The listing below holds a line with "Atlante ferroviario dell'Austria" and a later line with "Theros By The Sea Olympiada". Write out those two lines and every line between them, exactly, and nothing else.

Given records >>

◇ ◇ ◇ ◇ ◇ ◇ ◇

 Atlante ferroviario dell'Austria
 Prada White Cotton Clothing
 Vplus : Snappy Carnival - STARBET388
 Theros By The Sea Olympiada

◇ ◇ ◇ ◇ ◇ ◇ ◇

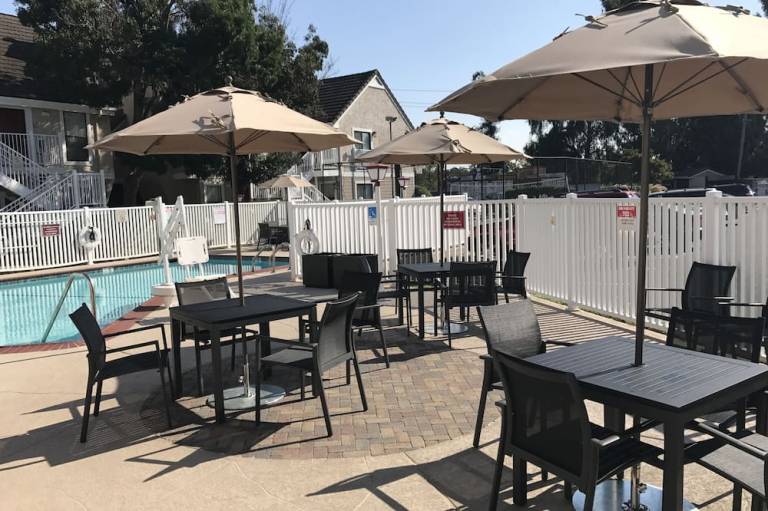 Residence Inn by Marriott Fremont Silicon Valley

◇ ◇ ◇ ◇ ◇ ◇ ◇

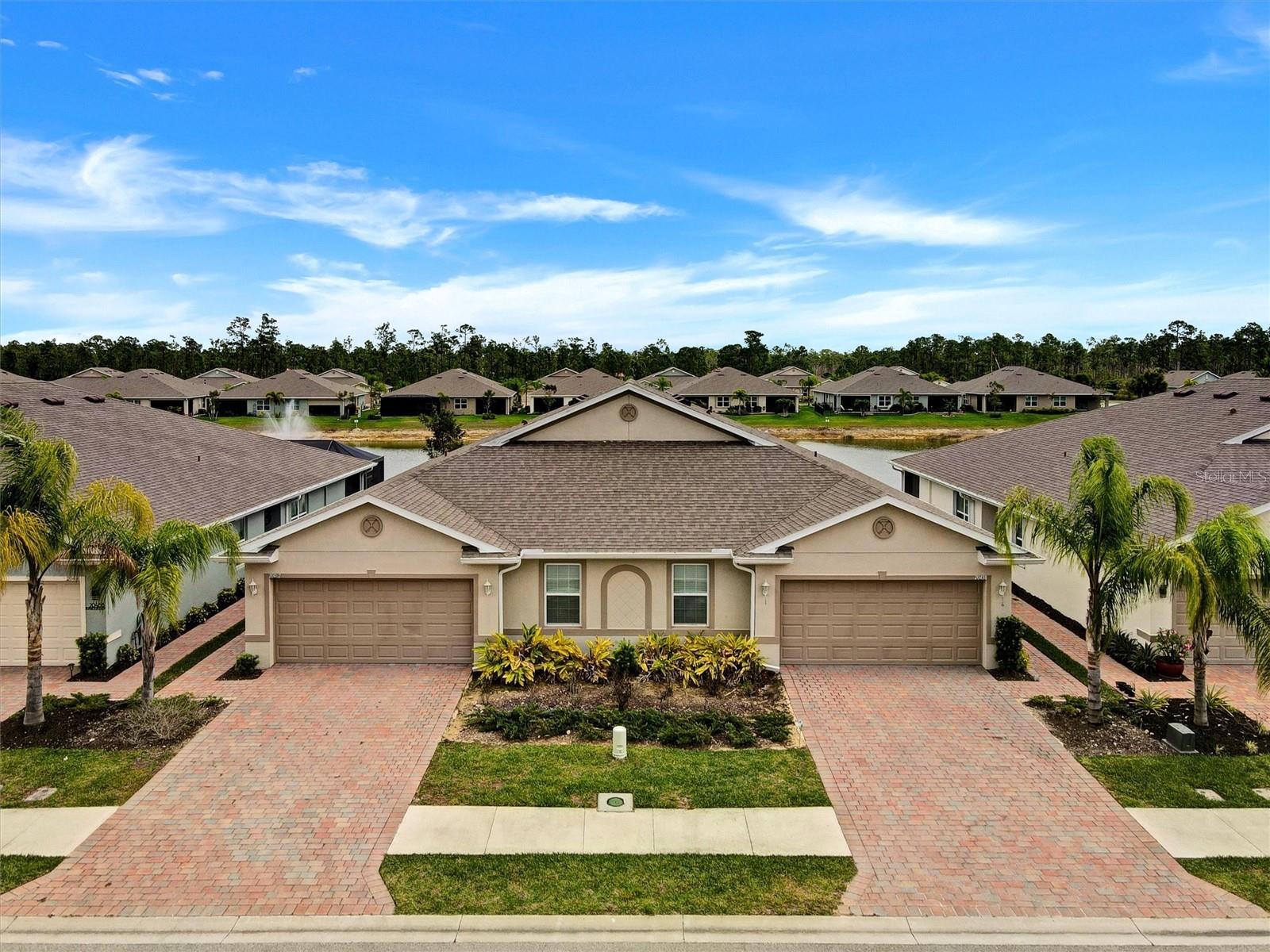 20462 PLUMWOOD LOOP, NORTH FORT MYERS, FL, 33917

◇ ◇ ◇ ◇ ◇ ◇ ◇

Expected answer >>
 Atlante ferroviario dell'Austria
 Prada White Cotton Clothing
 Vplus : Snappy Carnival - STARBET388
 Theros By The Sea Olympiada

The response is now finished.